For each option include the quotes in your answer.

stat=____ tells R to create the barplot using the numeric values in the data INSTEAD of the number of observations, which is the default.

position=____ indicates that the bars should be side-by-side, instead of stacked, which is the default.

BB Question 6

Based on the barplot created in Part 5 (Chunk 6), and the table created in Part 4 (Chunk 5), which day of the week has the LOWEST mean daily gross for the top film in first three quarters?

HW 3 - Final Steps

  1. Save your HW 3 Quarto File (.qmd) within your project folder.
  • Feel free to add additional notes to yourself above or within each chunk.
  1. Knit your Quarto File to create an HTML file (.html).

  2. Answer all Blackboard questions associated with this assignment.

  • You are welcome (encouraged) to work together.

  • Each student should submit their own Blackboard assignment and zipped R Project.

  1. Create a README file using the template provided.
  • The dataset Box_Office_Mojo_Week3_HW3.csv should be saved in your data folder and listed in your README.txt file.

  • The plot you created in Chunk 6 should be saved in your img folder and listed in your README.txt file.

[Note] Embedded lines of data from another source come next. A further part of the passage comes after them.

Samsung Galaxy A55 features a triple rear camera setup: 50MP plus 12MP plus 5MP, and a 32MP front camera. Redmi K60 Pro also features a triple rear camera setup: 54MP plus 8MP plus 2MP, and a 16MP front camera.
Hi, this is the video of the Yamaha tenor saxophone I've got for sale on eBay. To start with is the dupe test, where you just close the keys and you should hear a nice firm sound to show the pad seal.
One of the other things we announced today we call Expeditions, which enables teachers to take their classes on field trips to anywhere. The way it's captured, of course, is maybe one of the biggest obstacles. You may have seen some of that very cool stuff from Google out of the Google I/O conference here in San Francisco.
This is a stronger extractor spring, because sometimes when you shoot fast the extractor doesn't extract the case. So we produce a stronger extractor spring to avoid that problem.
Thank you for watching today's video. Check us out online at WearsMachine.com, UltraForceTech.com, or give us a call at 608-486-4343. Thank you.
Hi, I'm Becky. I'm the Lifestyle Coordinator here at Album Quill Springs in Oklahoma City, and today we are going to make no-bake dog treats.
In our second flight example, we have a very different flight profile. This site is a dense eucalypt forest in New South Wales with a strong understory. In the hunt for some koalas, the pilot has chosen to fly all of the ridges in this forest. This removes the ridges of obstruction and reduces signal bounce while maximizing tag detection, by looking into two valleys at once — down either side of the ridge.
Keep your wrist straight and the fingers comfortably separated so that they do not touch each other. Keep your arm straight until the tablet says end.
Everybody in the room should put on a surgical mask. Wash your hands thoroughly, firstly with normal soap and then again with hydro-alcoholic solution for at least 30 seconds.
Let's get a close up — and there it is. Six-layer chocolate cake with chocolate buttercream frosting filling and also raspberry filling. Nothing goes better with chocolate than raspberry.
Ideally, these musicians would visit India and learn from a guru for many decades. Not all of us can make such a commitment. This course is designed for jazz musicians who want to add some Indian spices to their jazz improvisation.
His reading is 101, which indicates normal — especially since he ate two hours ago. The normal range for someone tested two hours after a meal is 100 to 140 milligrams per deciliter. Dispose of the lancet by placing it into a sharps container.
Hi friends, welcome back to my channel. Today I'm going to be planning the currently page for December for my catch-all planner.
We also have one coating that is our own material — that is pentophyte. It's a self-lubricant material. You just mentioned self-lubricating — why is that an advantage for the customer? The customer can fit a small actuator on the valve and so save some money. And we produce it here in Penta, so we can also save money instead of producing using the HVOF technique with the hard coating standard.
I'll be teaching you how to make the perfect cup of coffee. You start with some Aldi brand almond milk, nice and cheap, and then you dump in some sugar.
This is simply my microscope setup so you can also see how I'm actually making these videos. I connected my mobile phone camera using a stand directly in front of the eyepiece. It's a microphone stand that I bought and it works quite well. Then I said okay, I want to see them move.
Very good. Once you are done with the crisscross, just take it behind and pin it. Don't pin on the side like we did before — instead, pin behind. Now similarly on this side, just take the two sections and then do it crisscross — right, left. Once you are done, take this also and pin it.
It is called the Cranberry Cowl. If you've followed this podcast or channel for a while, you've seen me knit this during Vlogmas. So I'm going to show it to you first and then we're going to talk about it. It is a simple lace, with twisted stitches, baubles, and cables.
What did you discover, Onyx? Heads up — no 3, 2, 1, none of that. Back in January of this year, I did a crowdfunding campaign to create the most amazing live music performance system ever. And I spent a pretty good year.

  1. Zip your entire Project Directory into a compressed File and submit it.
  • The zipped R Project should be named HW 3 FirstName LastName**.
  • The zipped project directory should contain:
    • The completed README.txt file.
    • The .Rproj file
    • The completed, correctly named, Quarto (.qmd) and rendered HTML (.html) files.
    • A data folder that contains the .csv file.
    • An img folder that contains the exported .png file of the final plot.

Grading Criteria

(8 pts.) Each Blackboard question for HW 3 is worth 1 or 2 points.

(2 pts.) Completing HW 3 - First Steps as specified.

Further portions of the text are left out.